The woman on the other end of the phone was patient and kind. This was a story she’d heard again, and again and again. The admissions coordinator for our local council childcare centres, she tapped away on her computer as she listened to my story.

‘You sound desperate,’ she admitted. Then, after a long pause, ‘I can offer you a full-time spot.’

We hadn’t even seen the centre, but I accepted it over the phone.

Last week, we dropped our youngest child off at the same childcare centre. The centre chef—who has worked there for over two decades—brought my husband and I socially distanced pancakes and syrup at the door and badgered us one last time to ‘have just one more.’ She’s cooked my three boys more meals than I have. The centre director, whose daughter started childcare with my eldest son when both were six months old, stopped for a chat. We’ll keep in touch long term – my husband used to pick up her daughter and our son early and take them to the park across the road until she finished work. We’ve known her as a fellow parent too.

Drop off over the last two years has mostly been done at the door, so newer parents watched bemused as my husband and I handed out presents and ate pancakes with moist eyes. ‘We’ve been here twelve years and this is our last day,’ I explained.

In those years, we’ve watch childcare policy change, sometimes dramatically. We’ve seen fees rise and rebates wound back. We’ve paid hundreds of thousands of dollars for education and care for our three children, a privilege by any reckoning.

But our whole family has benefited from having our children not only in childcare, but in a council-run not-for-profit centre. Supported by local government, staff are rostered in above award ratios and staff turnover is incredibly low. Some – like the chef – have cared for and educated all my children. The kindergarten program is high quality, the educational resources excellent. My youngest attended primary school transition with all his little mates.

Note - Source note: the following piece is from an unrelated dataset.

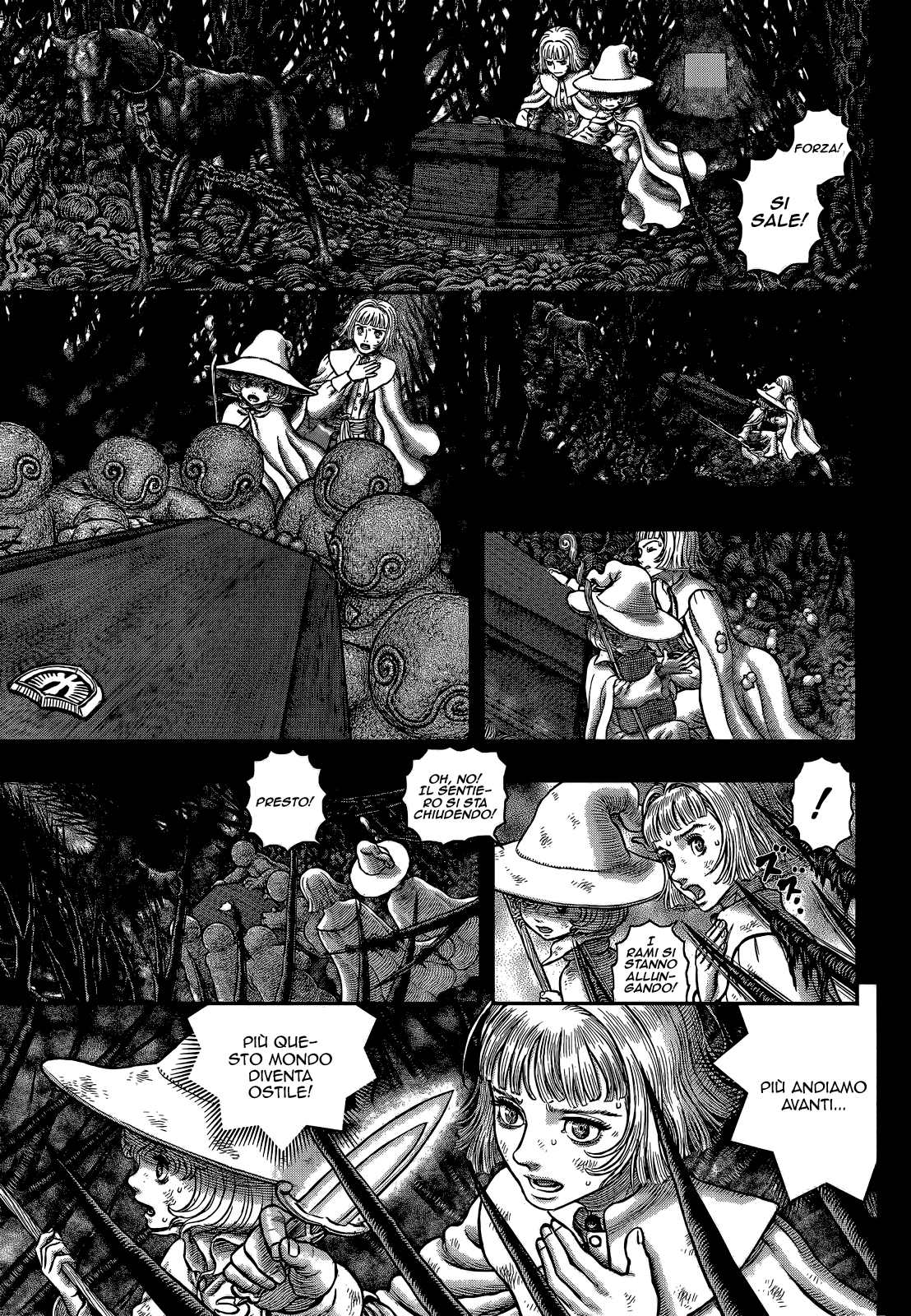 Read Berserk IT Manga Online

Through lockdown after lockdown, the centre has provided affordable care without compromising staff pay or wellbeing. While other parents withdrew their children from privatised centres who couldn’t or wouldn’t offer fee relief after the initial financial support for childcare centres was withdrawn, ours was able to keep doing so.

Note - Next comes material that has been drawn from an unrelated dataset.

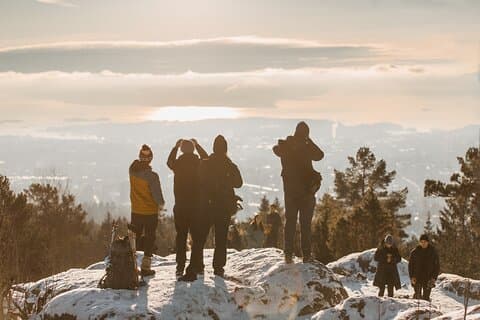 Best View of the Oslofjord - Winter Edition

Over the last twelve years, our children have thrived and both our careers have gone from strength to strength. I’ve never stopped feeling lucky that on that day in late December 2009, we were offered a place in a local government supported childcare centre.

What frustrates me, though, is that this could be repeated at a national level. In the same way that primary and secondary school is funded and provided as an essential service, early childhood education and care could be too. Parents in Australia currently pay among the highest out-of-pocket fees for early childhood education and care in the world – with the consequence that access to care is reduced, children miss out on early childhood education especially at the 3 and 4 year old level, and there are financial impacts on families (especially women) by limiting the number of hours of paid work.

Even if improved care and educational opportunities for children wasn’t a valuable objective in its own right, the economic benefits of free early childhood education and care are clear, especially by improving rates of female workforce participation.

My own journey in the trenches of early childhood ended a week ago – despite the chef’s suggestion, we won’t be having ‘just’ one more. But I’ll never stop being grateful that our local government chose to invest in the wellbeing of children, and that we were one of those lucky enough to access those services, nor stop advocating for universal access for all children. Even though we no longer need it ourselves, it’s a key policy I’ll be looking for at the next federal election.